# what gun?



## 2nd Amendment (Mar 1, 2008)

So i was wondering what my first handgun should be...i want to start out with a 9mm and i was wondering what should chose since there are so many choices...i have been doing some reserch and i have found some that i like...out of the glock 17, beretta 92fs, browning Hi-power, CZ 75b what do you think i should chose...if you have any suggestions on any other firearms please let me know


----------



## tschmittel (Jun 26, 2007)

I would also consider the S&W M&P 9 ,the Springfield XD 9, Ruger SR9,and Glock 19. Try to shoot as many as you can before purchasing. A lot of ranges offer rentals. Let us know what you end up with.:smt023


----------



## gmaske (Jan 7, 2008)

I'd start with figuring out which one feels and fits your hand the best and depending on research as to it's dependability that's the one I'd choose. Like the man said if you can rent and shoot that will help you decide too. A 9mm is a good choice with ammo prices going through the roof. I love my .45ACP but it's as bad as feeding my Ford Expidition. Sticker shock every time I fill her up :smt022 
Happy hunting


----------



## Vektor67 (Mar 4, 2008)

*In the same boat.*

I'm in the same exact boat and my list looks very similar to yours. I went to the range last week and tried the XD9, CZ 75B, 92FS and the MP9. This wekk I tried the XD40 GLock 22, MP40 ,Sig P229 and the PX4 Storm. It's a really tough decision although I think I'm going to start with a 9mm over the .40 there is quite a difference and my being a novice...it's no good have more stopping power if you don't hit your target lol. I really like the MP's I shot well
with the PX4 and liked the P229 a lot. In a perfect world I'd like something which converts from a .40 to a 9mm with little effort. I've heard the Sig will do that I think I've also read that a Glock 22 will accept a 9mm barrel and magazine although I'm not certain. This new P250 looks promising. The 1911's and the EAA steel both will convert but I've heard mixed reviews on the EAA Steel . Good luck with your decision, I know I'll need it.


----------



## PhilR. (Apr 25, 2007)

2nd Amendment said:


> ...out of the glock 17, beretta 92fs, browning Hi-power, CZ 75b what do you think i should chose


There is nothing about your post that would give us enough info to make even a halfways informed suggestion. ALL of the handguns you mention are fine and capable weapons, so what sort of criteria could we use to make a suggestion?

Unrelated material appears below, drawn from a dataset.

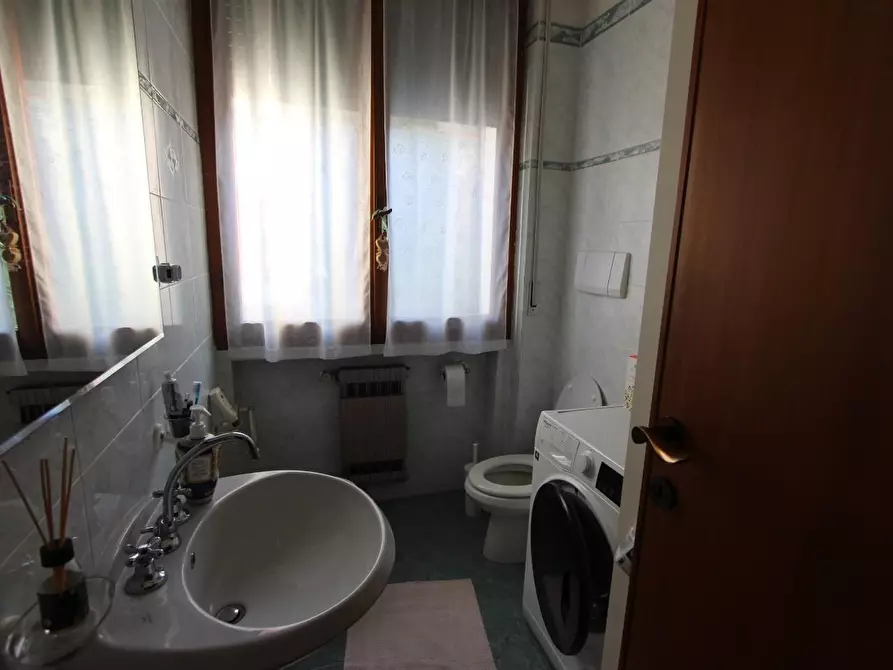 Immagine 34 di Appartamento in vendita  in Via Carbognano 3 ° Traversa a Lerici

The best thing you could do is to find a place that rents handguns, and start shooting every 9mm they have. You won't be able to shoot every 9mm in existence, but you will be able to at least narrow down your short list. Once you have some experience, you can then provide us some criteria that will enable us to perhaps make a suggestion. In the meantime, be thinking about whether you want a poly or metal pistol, single-action or double-action or safe-action, single-stack or double-stack, fixed sights or adjustable, large, medium, compact, or subcompact, fixed backstrap or adjustable. Once you can provide some of these items, we can narrow down the suggestions from several hundred to maybe a dozen or so.....

PhilR.


----------



## DevilsJohnson (Oct 21, 2007)

Find a range that rents pistols. Get your hands on several. See what fits you best and consider things like the fit to your hand. How much recoil are you willing to deal with. What are you going to use this pistol for? Range fun? A daily carry? something that stays home to protect the family? Is this going to be used by the wife? How does she handle the weapon?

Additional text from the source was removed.